Reserve Bank of Australia, Governor Phillip Lowe, 0.10%, Meets 02 March
The Reserve Bank of Australia met on February the 02 and delivered a surprise to the markets. They kept the interest rate and the 3yr bond yield target unchanged at 0.10%. This was as expected. Like December’s meeting the RBA noted that the recent economic recovery had been based on significant fiscal and monetary support. The RBA said they will not increase interest rates until actual inflation is above the 2-3% target range. This means that interest rates are expected to stay as they are until 2024. There was, however, a change. That change to monetary policy was the expansion of the RBA’s bond purchases. Bond purchases were extended by $AUD100 billion. This was slightly unexpected as some desks had been expecting the possibility of QE coming to an end in April on the back of stronger labour data.
Like last time, the RBA’s statement was generally quite upbeat, despite the dovish twist in their policy action. Remember that QE purchases weaken a currency, so the AUD was weaker out of the meeting. You can read the whole statement here from the RBA. The optimistic tone was affirmed by the Australian Treasury Secretary Kennedy who said that the recovery exceeded expectations and the labour market participation is somewhat surprising.
Remember that the Australian economy is closely tied to China’s economy. Approximately 30% of Australia’s GDP comes from its trade with China. Therefore, expect the AUD to be pushed or pulled along with the US-China trade sentiment. A falling S&P500 tends to weaken the AUD and vice versa, so keep an eye on the latest US stock moves as well in deciding the next path for AUD. The AUD should remain supported medium term on the reflation narrative.

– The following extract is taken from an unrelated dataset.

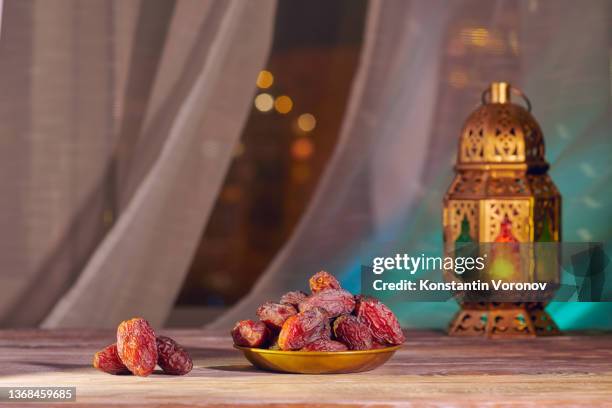 the muslim feast of the holy month of ramadan kareem. - dates fruit stock pictures, royalty-free photos & images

European Central Bank, President Christine Lagarde, -0.50%, Meets March 11
The ECB repeated that Interest rates are expected to remain low until the inflation outlook moves up to a level sufficiently close to, but below 2% within its horizon framework. However, there was a shift in the language about the PEPP programme size. The key takeaway was the emphasis shift about the full use of the PEPP envelope. The ECB reminded markets that the full envelope does not necessarily have to be used. This is a decidedly more upbeat message and is an acknowledgement to ECB policy makers who did not want such a large PEPP envelope in the first place. The total amount of the PEPP envelope remains at €1850 billion with purchases are set to remain until at least the end of March 2022.

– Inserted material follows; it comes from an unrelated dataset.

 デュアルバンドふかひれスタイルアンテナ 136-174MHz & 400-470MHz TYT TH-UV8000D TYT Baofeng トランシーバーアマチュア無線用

In the press conference just after the announcement Christine Lagarde echoed this positive sentiment reflected in the statement noting that risks to growth is still tilted to the downside, but less pronounced. This now sees the ECB joining the ranks of the central banks who are turning more upbeat due to vaccine optimism. One interesting point is that the ECB are asking staff to come up with new gauges to help with stimulus decisions as well as a new gauge of euro area financial conditions. The proposals are wanted from staff for March. Finally, with regard to the EURUSD exchange rate Lagarde said that the ECB was carefully monitoring FX rates.The ECB don’t like a strong EURUSD as it harms euro exporters and if the EURUSD gets too strong, too fast the ECB may act. She repeated that no-tools are off the table.
The reaction of the EURUSD after the decision was very muted and mainly dollar driven. The bog picture remains that are pressures on the eurozone which may face a double dip recession and is slow with the vaccine roll outs. If the US starts to outperform Europe in terms of GDP growth and vaccinating their citizens far more quickly this will weigh on the EURUSD going forward.

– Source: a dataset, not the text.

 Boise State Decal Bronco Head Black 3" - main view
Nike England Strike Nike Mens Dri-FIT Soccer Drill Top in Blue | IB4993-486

Bank of Canada, Governor Stephen Poloz, 0.25%, Meets March 10
Like the ECB the Bank of Canada also had a more optimistic outlook. The general hope is that the current vaccine will boost the world economy and central banks are starting to cautiously enter into that hope. The Bank of Canada signalled that they too can see some possible light at the end of the COVID-19 tunnel. Heading into the latest meeting there had been rumoured to be a slight chance of a very small rate cut mooted by market participants. However, these were unfounded and rates were kept unchanged at 0.25% and bond purchases remained at the CAD $4 billion per week level. The Bank of Canada repeated that interest rates were not expected to rise until 2023, like the Federal Reserve. However, the bullish twist for the CAD was due to see pretty hearty revisions for growth. End of 2021 growth is now seen as +4.6% vs +3.8% previously. Inflation was revised up to +1.5% vs +1.3%. The big push higher for oil has been helping the Canadian oil export economy and the growth revisions show the better outlook.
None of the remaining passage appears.